Tattnall rolls past FPD in semifinal to reach third straight GHSA baseball finale

By Michael A. Lough
The Sports Report
centralgasports@gmail.com
FPD knew it couldn’t let any opportunities slip away against Tattnall, and it couldn’t give the Trojans any opportunities.
The Vikings did a little of both early in the first game of their GHSA Class A private baseball semifinal doubleheader Thursday, but they were still within striking distance past the midway point.
But Tattnall pushed six runs across in the sixth inning and then answered FPD’s four-run sixth with four in the bottom half en route to a 13-4 win in the opener.
The momentum carried over in a 10-0 six-inning series-clinching win in the nightcap.
“They came out swinging,” FPD head coach Denny Bryant said of the 32-4 Trojans. “They didn’t miss many pitches, and we couldn’t catch up to ‘em.”
The Trojans advance to the state championship series, starting with a doubleheader at 5 p.m. at Mercer’s OrthoGeorgia Park. Tattnall faces Prince Avenue Christian, which beat Holy Innocents’ 8-9, 3-2, and 4-1 on the road in the other semifinal.
The series was delayed two days by rain, and the sun made a lengthy appearance. Tattnall was warmer than FPD.
“I think we lacked a little bit of focus when we got up big in the first game,” Tattnall head coach Joey Hiller said. “I think we did a much better job of maintaining our focus when we did start getting up big in the second game.”
Tattnall led 3-0 after four innings.
“We had opportunities early on,” Bryant said. “(Tattnall’s) first run was unearned, we had a play we should have made.
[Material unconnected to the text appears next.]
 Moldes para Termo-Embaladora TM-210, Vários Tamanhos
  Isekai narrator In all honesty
We had a chance to come back in the second inning and execute a bunt and move a runner over and we just couldn’t get it done.
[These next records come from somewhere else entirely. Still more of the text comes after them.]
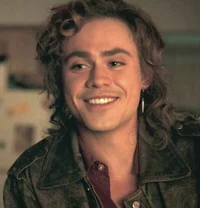 Billy Hargrove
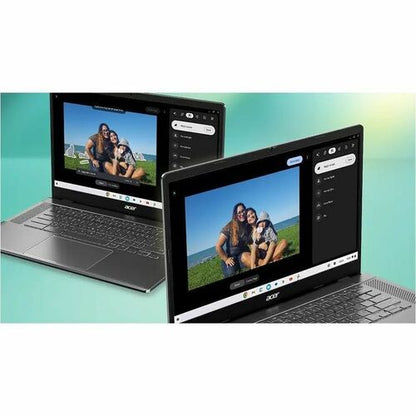 CBOOK PLUS 514 CBE574-1-R4WR 8GB 256GB 14IN CHROME OS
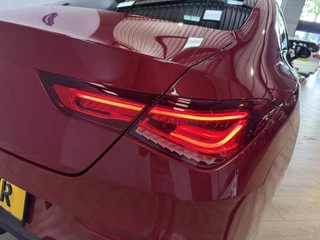 Mercedes-Benz CLA – thumbnail 14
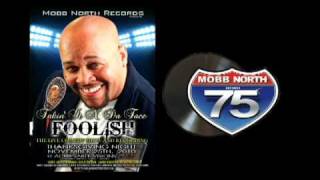 FOOLISH LIVE RECORDING "TAKEIN IT N DA FACE" THANKSGIVING NIGHT.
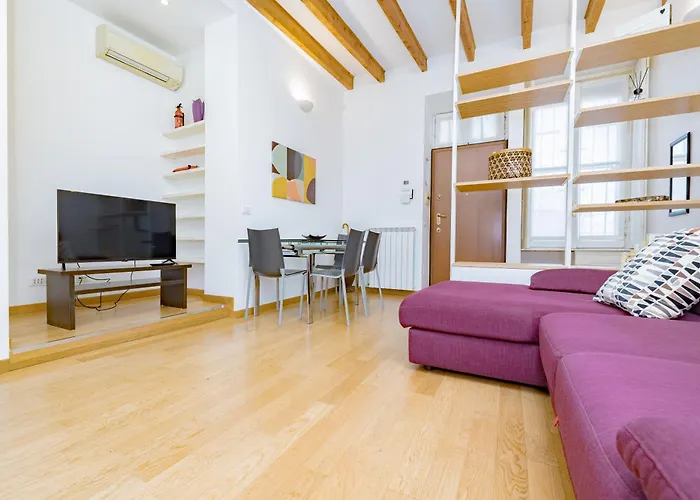 Apartman Casa Navigli - Cozy *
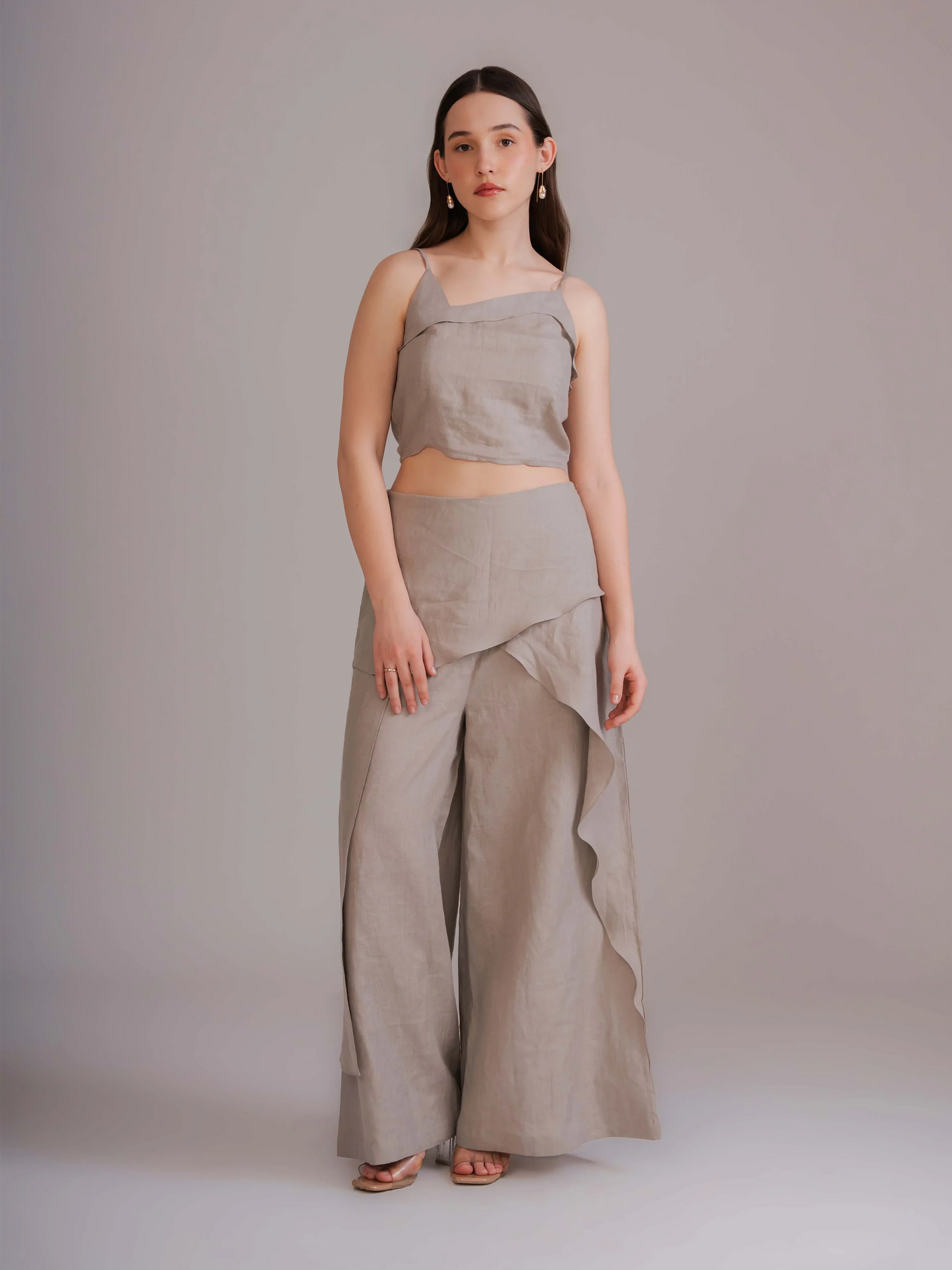 Asymetrical Co-Ord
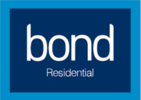 Bond Residential - Danbury logo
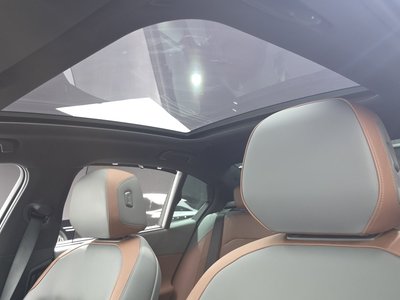 صورة مصغرة 23 لـ 2025 BMW 5 SERIES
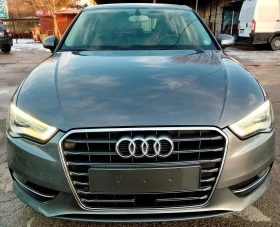 Audi A3 1.6TDI АВТОМАТ КОЖА НАВИ 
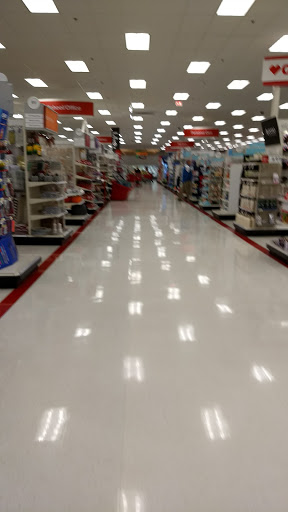 Department Store «Target», reviews and photos, 495 Haggerty Rd, Walled Lake, MI 48390, USA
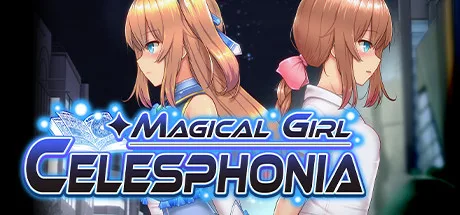 Magical Girl Celesphonia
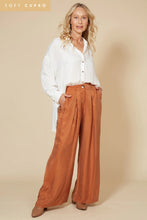 Load image into Gallery viewer, Eb &amp; Ive Vienetta Culotte Pant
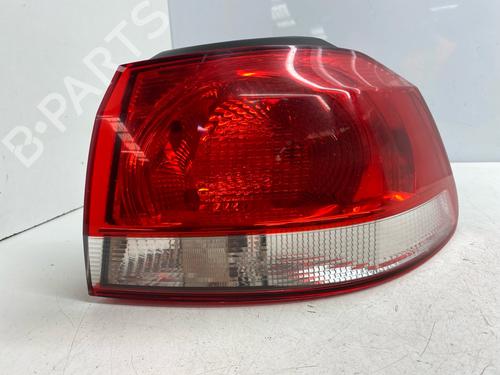 Right taillight VW GOLF VI (5K1) | BP36441547C35 - Image 3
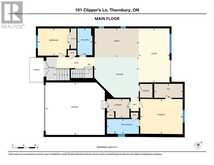 101 CLIPPERS LANE | Thornbury Ontario | Slide Image Thirty-five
“Tie the game up 1-1, or possibly go up 1-0, could be a different ballgame.”
But it wasn’t, and Tattnall basically put it away with four runs in the fifth. Then the Vikings scored four in the top of the sixth on Dalton Cox’s grand slam to get back in it.
“We were not happy with that, and our guys knew it,” Hiller said. “Give credit to (FPD) for taking a good swing and hitting the ball out of the park.”
The Trojans knocked them right back out with four in the bottom half, three coming on Trey Ham’s homer.
That kind of thing can linger.
“Trey Ham answered the call,” Hiller said. “They had worked so yard and go four runs and we got three of ‘em back on one swing. I’ve been on the other end of that, when you work your tail off to get two or three runs, and then all of a sudden, a team scratches back and erases what you worked so hard for.”
The game was a nice pitchers battle between FPD’s Noah Takac and Tattnall’s Luke Laskey until that big fifth. Laskey and Dawson Brown had two-run doubles and Logan Simmons a two-run single.
Brown was among the six two-hit Trojans, with five RBI, one more than Ham. Gorman, Logan Fink, Laskey and Miles Morris also having two-hit games.
Laskey gave up only three hits, two to Cox, with six strikeouts and four walks.
In the nightcap, Tattnall got a two-out run in the first on a Fink single and Austin Marchman double, added one in the second on a walk to Ham, sacrifice, and RBI single by B.J. Spears to center.
Then Brooks Gorman followed Logan Simmons’ leadoff single in the third with a towering homer to right-center, ending the day for starter Tyler Mimbs.
The Vikings went through three pitchers in the opener, and Garrett West came in after Mimbs and finished the third unscathed, but Tattnall got two in the fourth on Simmons’ double to deep left for a 6-0 lead.
The Vikings broke up Gorman’s no-hitter with a single by Ryan Jones to lead off the fifth, but then he was erased on a double play.
An infield single, passed ball, and wild pitch preceded Gorman’s two-run single in the top of the sixth as the the Trojans approached mercy-rule territory, which they reached soon after on Laskey’s deep-to-left two-run double.
The Vikings got their second hit off Gorman in the top of the seventh, but that, too, was followed by a double play.
“He usually strikes out more, but golly, he got groundballs to shortstop,” Hiller said of Gorman, who fanned two and walked one. “I don’t know how many shortstop) Logan (Simmons) fielded, but it was a lot.”
Simmons was part of one of Tattnall’s two double plays and turned five grounders into outs. Tattnall pitching has kept 10 straight opponents to four runs or less, with four shutouts in that span.
“We did a really good job of backing (Gorman) up,” Hiller said. “He threw strikes and trusted his defense. I t was a good plan.
“When we play error-free ball and throw strikes an dmake defensive plays, we’re a pretty dang good team.”